“So, how was the rest of the day on Thursday?” Bea asks me. We’ve talked about nothing major, and now she’s turning the conversation back to me, and my stuff.
I’m sitting criss cross applesauce on the couch. Just before she asked this, I’d been looking at her, and talking like a normal person. Now, I look down. Why does answering something so simple embarrass me? “I don’t know…..I just…I was….” I shrug. The odd thing is, my answer is more positive than usual, but that scares me. I’m thinking about things differently, and that is this giant frightening thing.
“I think it’s important that we touch base on how things felt, how the weekend was for you. Did things come up, were the nightmares of that particular memory gone, less, more? Did you feel more upset, less upset?”
I shake my head. “I…I got sick this weekend. Sinus crap, headache, sore throat. So I was……I don’t know. The worst thing about being sick is you can’t do anything. I mean, there is no distractions. And tv, movies…those just don’t work. I mean, not like hubby. He can’t stand to turn a show off in the middle of it. But me, I don’t really care. I just, I don’t know. I can stop a movie half way through and not come back to it for weeks. So it’s not like being sick, watching tv…….it just….I don’t. I keep thinking.”
“TV doesn’t distract you, or occupy your mind very easily. It seems like a lot of the time when we don’t feel good, that is when our minds start going.” Bea states.
“Yes, that’s….I was thinking. So I just…I was thinking.”
“What were you thinking about?”
“I…just stuff. I mean…Thursday, I was okay. It….I didn’t feel like hiding. I mean, like usually I would maybe want to go hide. And I didn’t feel like hiding. I was sad. But okay.” I stumble through trying to explain this to her, trying to get the words in my head, those perfectly put together and competent sounding words in my head to come out of my mouth and make sense.
“That’s good. Okay is good.” Bea’s voice sounds like she is smiling.
I nod. It is good. She’s right, it is good.

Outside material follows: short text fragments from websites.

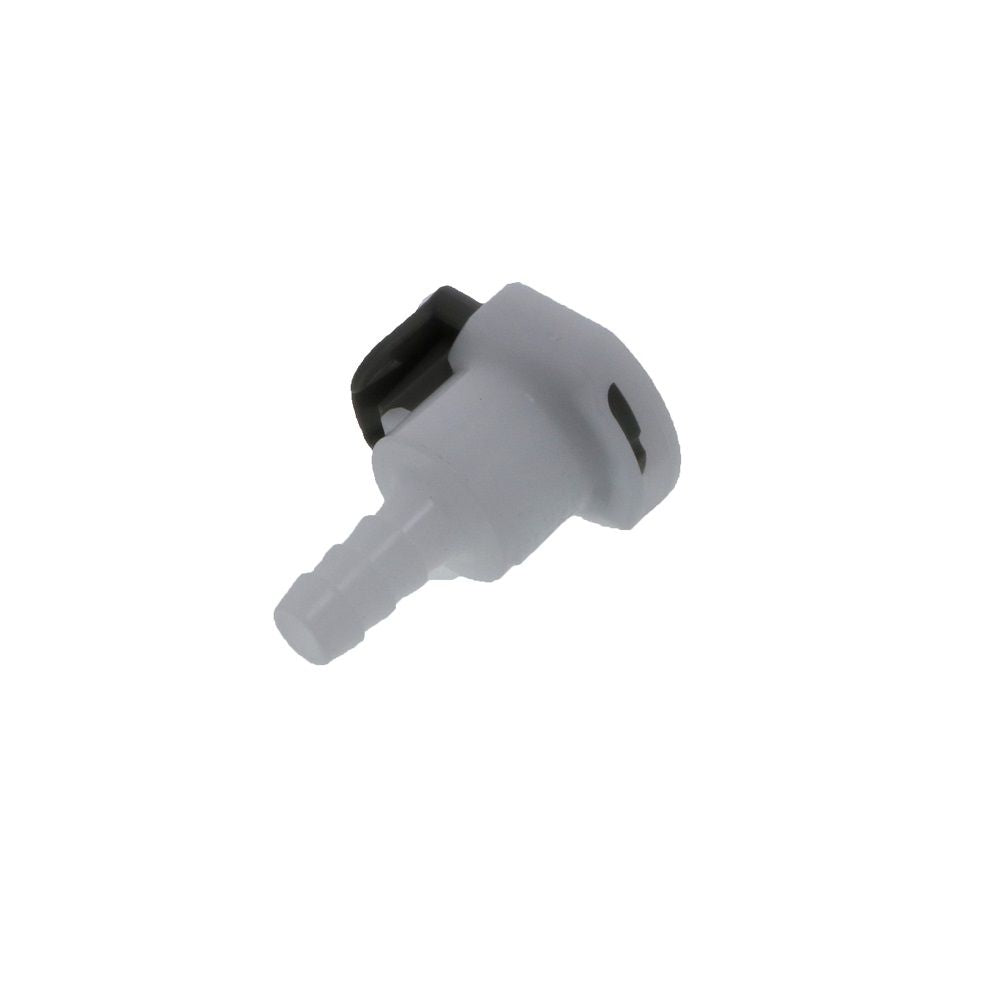 40700 NSF Non-Valved In-Line Hose Barb Coupling Body 1/4 ID Barb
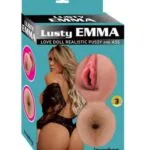 emma reslistik şişme bebek saçsız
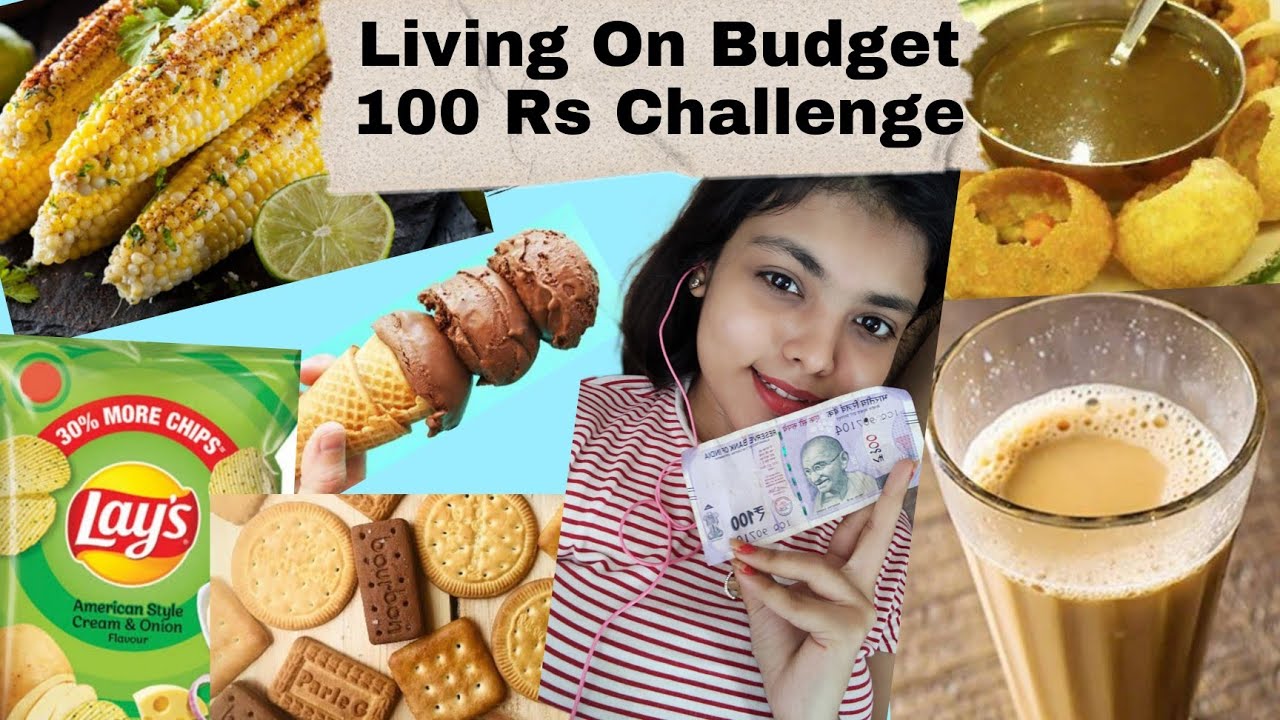 living on Rs 100 for 24 HOURS Challenge | Food Challenge |alkaagarwal |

“Do you want me to tell you what I thought on Thursday?” She asks. I nod my head, and so she continues. “I felt like you were more here than usual when discussing a memory. I felt like you were able to answer questions, and talk more easily. I mean, I know we didn’t talk about the actual rape, but everything with that memory is so awful, so traumatizing, and the mom stuff is big. It just feels like to me that this is one of the worst memories for so many reasons, so many layers of hurt. I mean, they are your memories, and they are all painful, and I don’t know if this memory feels worse than others to you, so maybe I shouldn’t say that. But it feels like this is a memory that took things to a whole different level. It made the traumas that much more hurtful. You really had to dissociate to be okay.”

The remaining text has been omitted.